Furthermore, I got the impression that the script was a bit lazy and predictable. Character development occasionally happened because it was necessary to advance the plot, but didn’t feel very motivated. This is especially true where the force is concerned, with one of the characters discovering their powers because it was required to get them out of a sticky point, but made little sense for it to happen like it did. Additionally, a big deal is made out of the inclusion of a new female enemy, but in the end the character and their gender serve little purpose in the story. That character could have been anyone under that armor; nothing they did was so important that any nameless Stormtrooper couldn’t have done as well. Although the villain looked cool and appeared like she could do some serious damage if given half a chance, ultimately she did almost nothing to justify her existence, nor her unique look. The dramatist A. P. Chekhov observed, “If in the first act you have hung a pistol on the wall, then in the following one it should be fired. Otherwise don’t put it there.” * I think this female villain was a needlessly-hung pistol. And lest I forget to mention, in a bit of a disappointment, the emotional climax of the whole movie, that part that everyone’s going to talk about, could have been seen from miles away. And while it may have been fated to happen because of story reasons and actor’s wishes, I really think more of an effort should have been made to make it more of a surprise.

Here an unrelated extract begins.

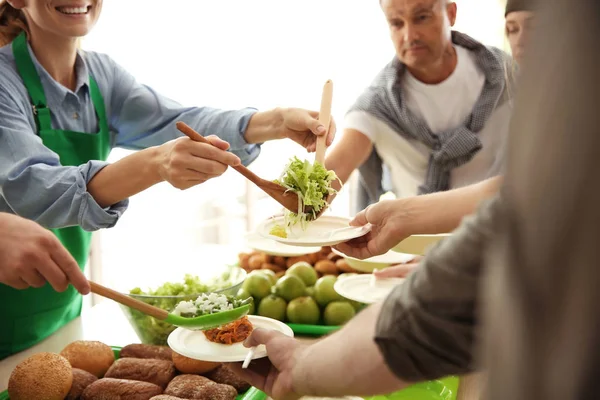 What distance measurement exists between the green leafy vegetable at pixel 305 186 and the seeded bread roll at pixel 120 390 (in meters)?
0.61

So, that’s my take on what is likely to be the first of many, many films set in the Star Wars universe. Of all the possible measures you can use in determining the value of it, the one real testament of whether a movie of this sort (episodic) is good or not is inherent in the question: “Would you see another one?” As for me, I’m ready for Episode Eight. While in the case of the prequels, I was looking forward to the next one knowing that I was likely to be disappointed, in this case I measuredly foresee good things. My previous gripes notwithstanding, the story of Star Wars: The Force Awakens was pretty good, containing a good amount of warmth, wonder, and excitement. It wasn’t a perfect movie, nor one that sold my childhood back to me in a bottle, but it was well done. Bravo, J. J. Abrams. I rate it a three out of five.